Data fabric and DataOps
Track 3: Data Fabric and why you should care
Analytic teams need data, lots of data, but simply putting raw data into the cloud or data lake or opening data stores for broader access doesn’t create meaningful insights. In fact, this is not only leading to poor business decisions, but it also increases the risk for inadvertent data exposure. The situation is getting even more challenging due to exponential data growth and its distribution across hybrid or multicloud environments. In this session, learn how a data fabric-based architecture will enable you to dynamically connect, integrate, protect, and automate your data management processes, and with that significantly reduce the time to deliver trusted data to the business.
Track 3: DataOps for Data Science and MLOps
The conventional wisdom for data science is that more data is better. However, this is not always true. In many cases, a smaller, but clean, data set can result in better model performance than a large, noisy data set. But, how can you get to a clean data set given the inherent variability in human behavior that produces most data sets? That’s where DataOps comes in.
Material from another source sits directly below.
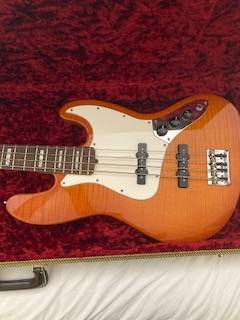 Photo Fender Select Jazz Bass $1,500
DataOps is an emerging, proactive approach to data management that focuses on orchestrating people, processes, and technology to quickly deliver high-quality data to data consumers. This talk explains what DataOps is in more detail, and how it can integrate with MLOps to help data scientists produce and manage better models, no matter the size of your data set.
Track 5: Data Lakes & Data Privacy
Data lakes have been planned by many companies during the last years, but could not always be implemented successfully. One key struggle is the missing governance. Data privacy is a key topic for businesses to achieve the balance between legal guidelines, customer satisfaction, and analytical possibilities. During this session, you gain insights on processes and methods around implementing a heterogeneous data lake with integrated data privacy.